### RECORD EXTRACTS
┌──

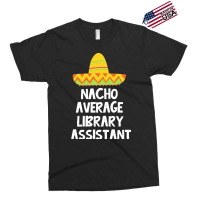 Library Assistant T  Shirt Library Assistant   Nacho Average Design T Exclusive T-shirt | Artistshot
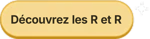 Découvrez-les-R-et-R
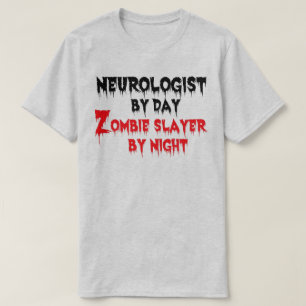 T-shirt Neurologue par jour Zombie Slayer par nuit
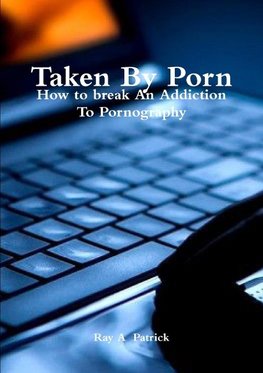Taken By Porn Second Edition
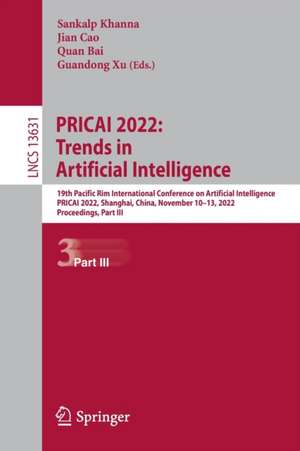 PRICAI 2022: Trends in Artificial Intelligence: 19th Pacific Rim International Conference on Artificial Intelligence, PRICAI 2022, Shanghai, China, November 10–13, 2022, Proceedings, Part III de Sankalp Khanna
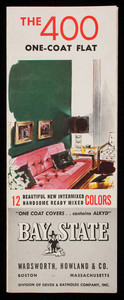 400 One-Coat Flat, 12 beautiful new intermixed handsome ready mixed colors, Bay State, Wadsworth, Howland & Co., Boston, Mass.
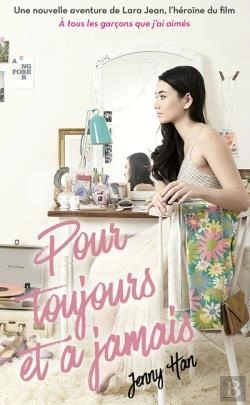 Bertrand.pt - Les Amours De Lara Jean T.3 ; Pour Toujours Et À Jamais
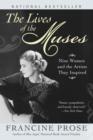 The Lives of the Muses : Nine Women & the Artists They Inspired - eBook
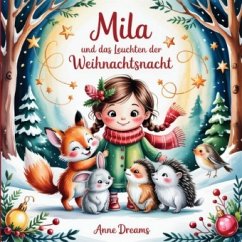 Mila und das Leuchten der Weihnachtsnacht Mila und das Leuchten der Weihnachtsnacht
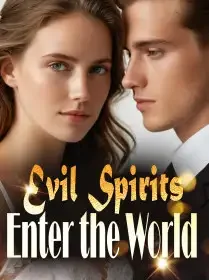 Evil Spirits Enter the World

└──
┌──

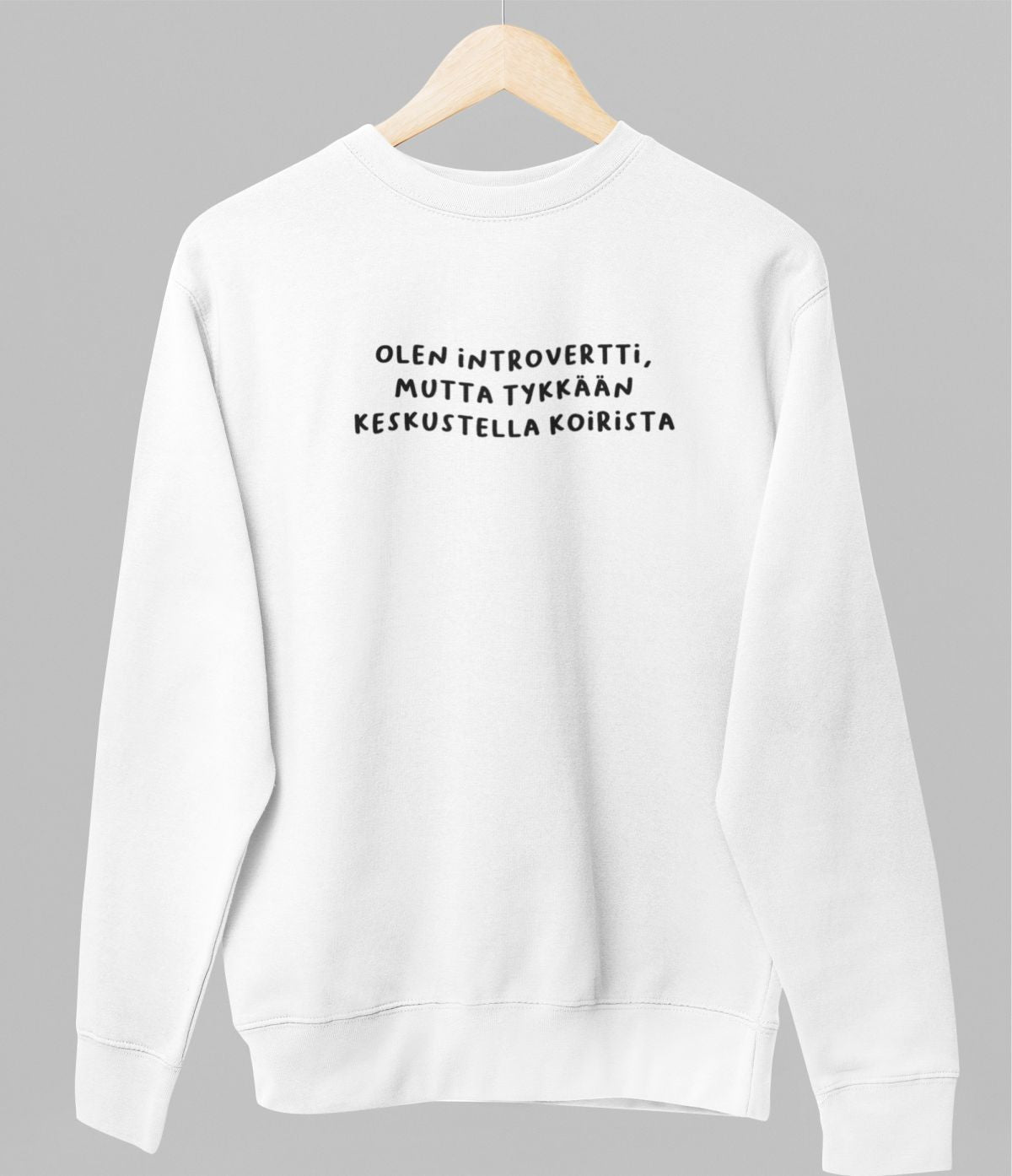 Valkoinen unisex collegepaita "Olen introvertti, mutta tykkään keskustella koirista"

└──

Go down the entries above from the line containing "The Lives of" to the line containing "Evil Spirits Enter the World" and write out each line exactly, leaving pictures out.

### ANSWER SPACE
 The Lives of the Muses : Nine Women & the Artists They Inspired - eBook
 Mila und das Leuchten der Weihnachtsnacht Mila und das Leuchten der Weihnachtsnacht
 Evil Spirits Enter the World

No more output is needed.